The specific medical name given to each type of tinea is based on the area of the body affected – not on the organism causing the infection. For example, tinea corporis refers to a fungal infection on the body. Here’s an overview of what the other names mean:

• Capitis – scalp
• Pedis – feet
• Manuum – hands
• Faciei – face
• Cruris – groin
• Unguium – nails

Treatment Options

A swab may need to be taken to determine which species of fungus is responsible for a patient’s symptoms (or to rule out other causes). This can be helpful in determining exactly which anti-fungal will be most effective. With infections on most parts of the body, a topical ointment or cream is sufficient to kill the fungi. However, if fungus is on the scalp it may be present deep in the hair follicles where topical treatments may not penetrate fully.
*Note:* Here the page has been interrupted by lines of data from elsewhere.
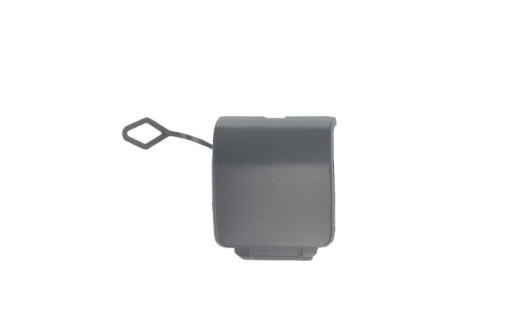 Capac carlig remorcare Fata GTI, grunduit potrivit VW POLO, POLO IV, POLO V 09.02- 05.10-05.14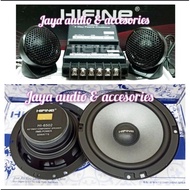Hifine 6.5 inch 2way split Speaker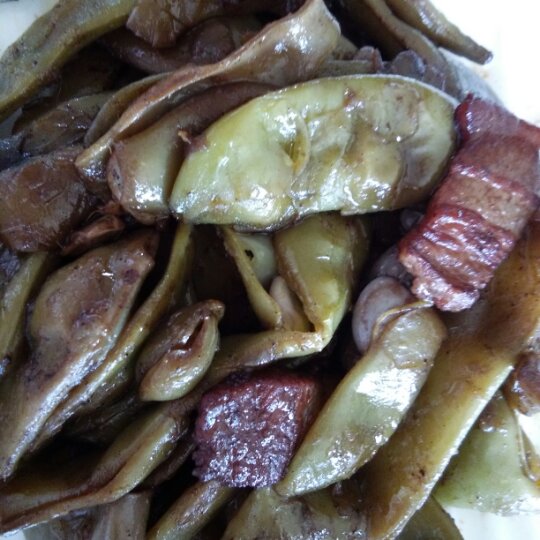 土豆炖豆角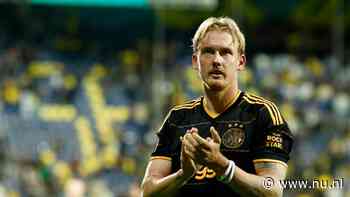 Brandt juicht ingetogen na fraaie goal bij zege Ajax: 'Ik was niet blij met mijn spel'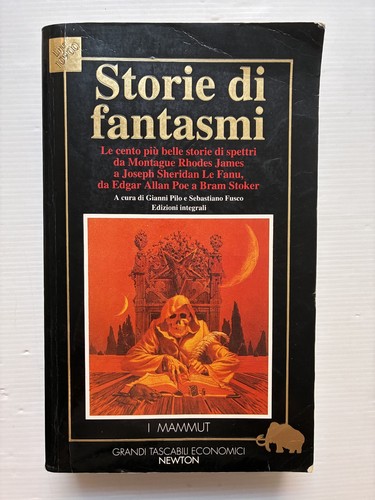 Storie fantasmi mammut - storie, i
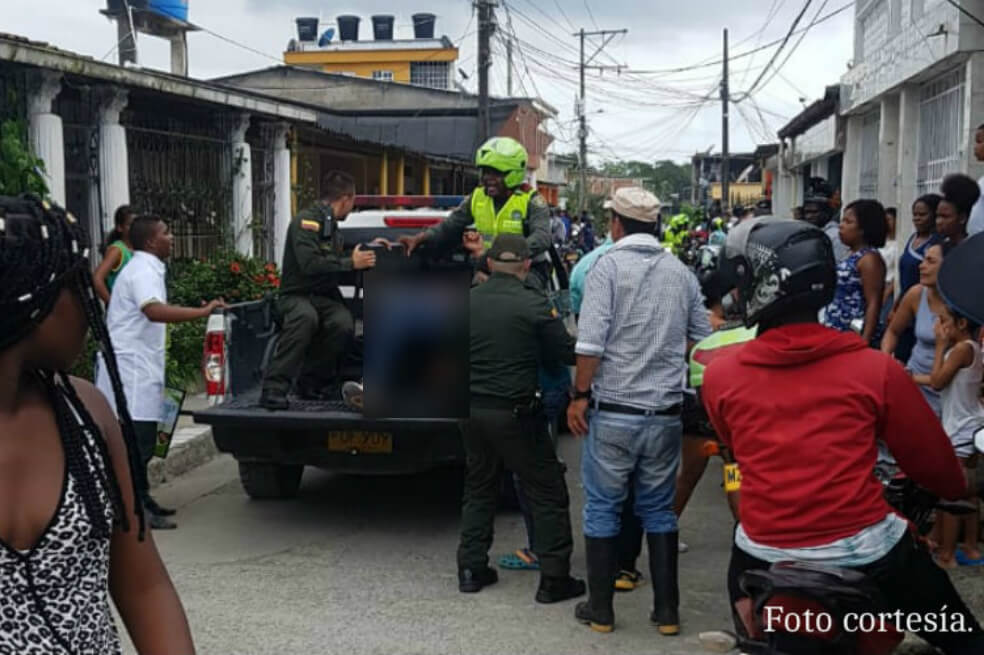 Balacera en Quibdó dejó tres personas muertas y cuatro heridas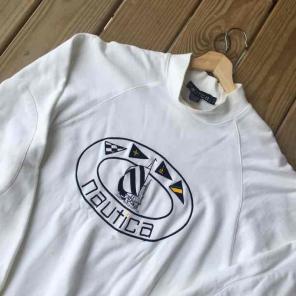 VTG Nautica Turtleneck sweatshirt large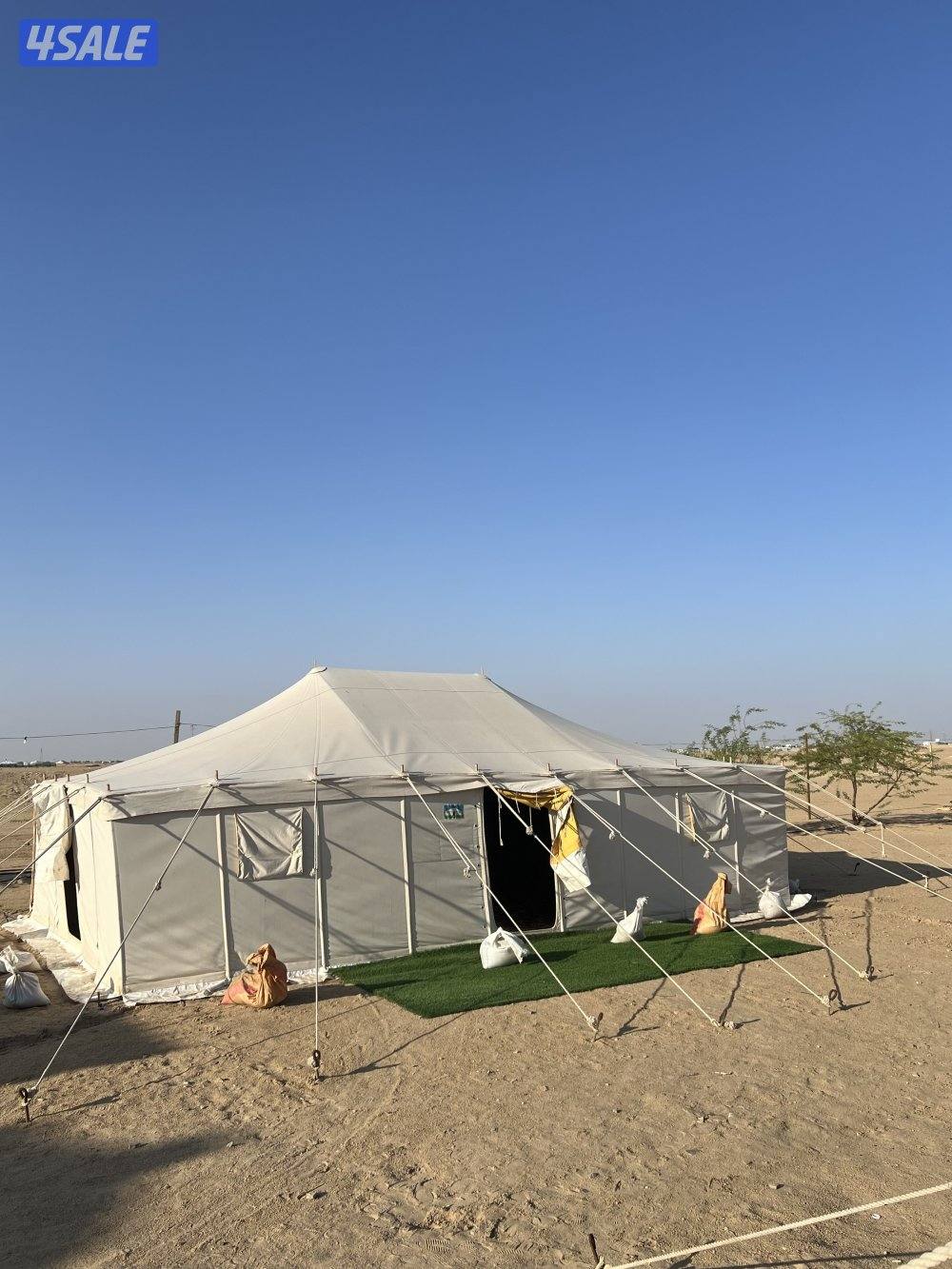 للبيع خيمة الصباح1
In these situations, a systemic anti-fungal drug must be prescribed to eliminate the microbes. Similar treatment is prescribed when fungus is growing under the nails (a condition called onychomycosis). Parts of the infected nail may also need to be chemically or surgically removed to promote faster healing. Fungal infections on the body often clear after a few weeks of treatment. However, those under the nails may take many months – even as long as a year – to fully resolve.